Mid-Year Economic and Fiscal Outlook (MYEFO) 2017-2018
Treasurer Scott Morrison and Minister for Finance Mathias Cormann released the national Mid-Year Economic and Fiscal Outlook (MYEFO) today, declaring the Turnbull Government is “bringing the budget under control” and remains on track to achieve a surplus in 2020-21.
MYEFO shows the size of the 2017-18 underlying cash deficit will be $23.6 billion, an improvement of $5.8 billion since the Treasurer delivered the Budget in May, off the back of stronger than anticipated company tax collections. The predicted surplus for 2020-21 will be $10.2 billion, an improvement of $2.7 billion compared to the Budget estimate. The net operating balance is also expected to improve from a deficit of $18.2 billion in 2017-18 to a surplus of $6.8 billion in 2019-20, increasing to a surplus of $20.9 billion in 2020-21.
Net debt is forecast to stabilise at lower levels compared to the Budget, peaking at 19.2 per cent of GDP in 2018-19, before falling to 17.2 per cent of GDP in 2020-21, representing a decrease of $10.9 billion on previous estimates. Australia’s gross debt is projected to be $23 billion lower at the end of the forward estimates than was previously forecast.
The Treasurer noted the Government should now not have to borrow for recurrent spending from 2017-18, for the first time since the Global Financial Crisis, stating “These are the welcome dividends of prudent fiscal management and a growing economy”.
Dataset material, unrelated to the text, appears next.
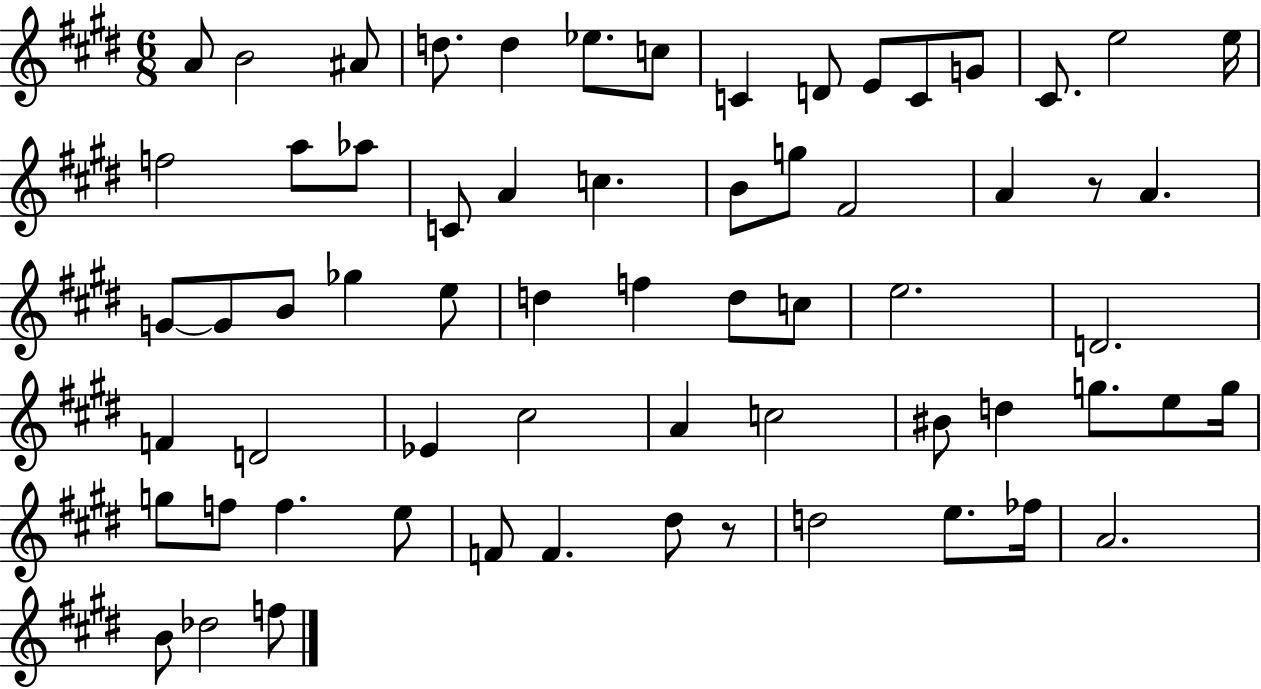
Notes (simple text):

A4/e B4/h A#4/e D5/e. D5/q Eb5/e. C5/e C4/q D4/e E4/e C4/e G4/e C#4/e. E5/h E5/s F5/h A5/e Ab5/e C4/e A4/q C5/q. B4/e G5/e F#4/h A4/q R/e A4/q. G4/e G4/e B4/e Gb5/q E5/e D5/q F5/q D5/e C5/e E5/h. D4/h. F4/q D4/h Eb4/q C#5/h A4/q C5/h BIS4/e D5/q G5/e. E5/e G5/s G5/e F5/e F5/q. E5/e F4/e F4/q. D#5/e R/e D5/h E5/e. FES5/s A4/h. B4/e Db5/h F5/e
The update reveals real economic growth of 2.5 per cent this financial year, slightly below the Budget forecast of 2.75 per cent, increasing to 3 per cent across the forward estimates, as the drag from mining investment diminishes. MYEFO indicates growth will be driven by non-mining business investment, household consumption, public final demand and exports. Unemployment is predicted to fall from 5.5 per cent in 2017-18, to 5.25 per cent in 2018-19, and remain steady through to 2020-21.
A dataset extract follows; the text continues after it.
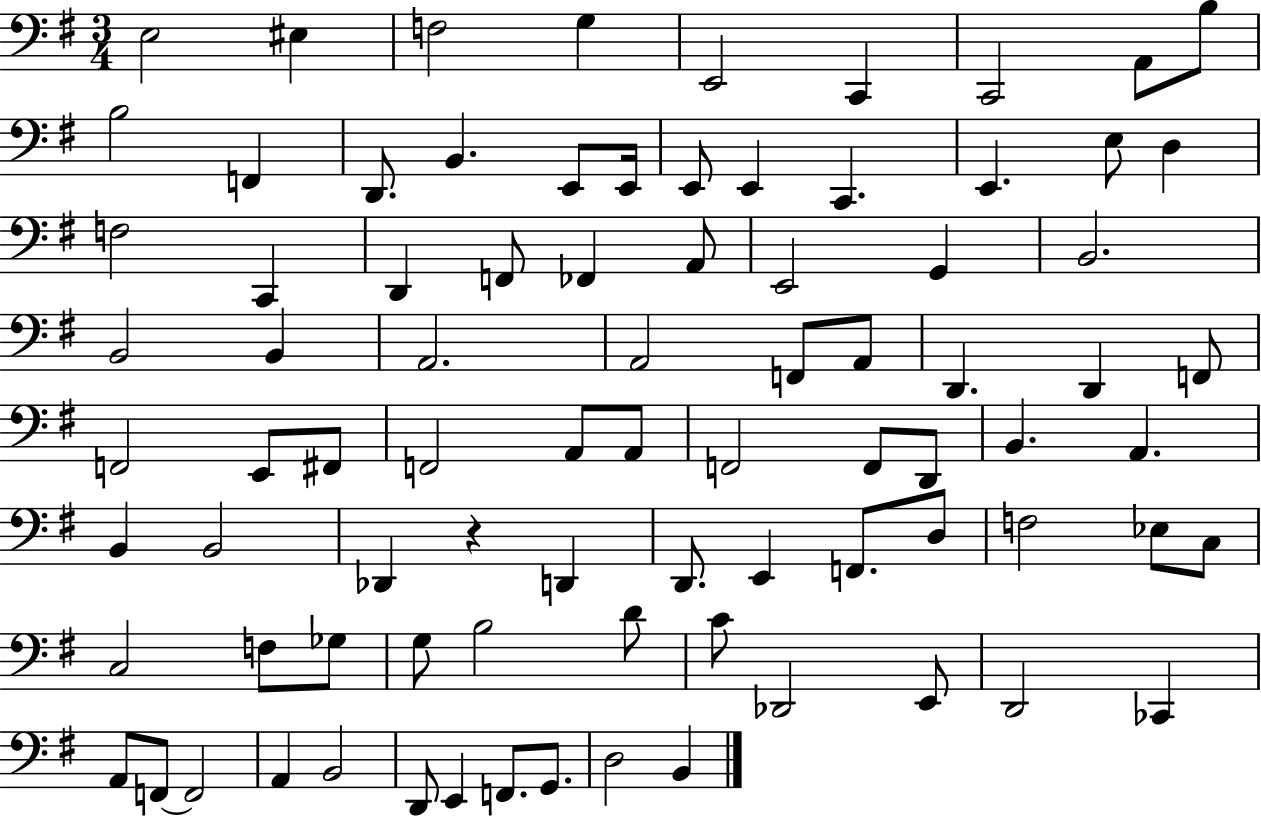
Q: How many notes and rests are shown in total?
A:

The Government has confirmed it will be proceeding with a range of reforms to the higher education sector, including a freeze on total Commonwealth Grant Scheme funding at 2017 funding levels and a limit on tuition fee assistance under all HELP and VET Student Loans. The Government will also lower the minimum repayment threshold to $45,000 from 1 July 2018 and use Family Tax Benefit lump sums to repay outstanding social security, student assistance or Paid Parental Leave debts from 1 December 2018. Other revenue measures include a freeze on family tax benefits part A and B until 2019 and extending waiting periods for newly arrived migrants before they can access certain welfare benefits, achieving savings of $1.2 billion over four years.
MYEFO also includes $2.1 billion for new and amended listings on the Pharmaceutical Benefits Scheme; $1.3 billion to implement the Quality Schools reform package; and an additional $150 million in new funding for the Medical Research Future Fund.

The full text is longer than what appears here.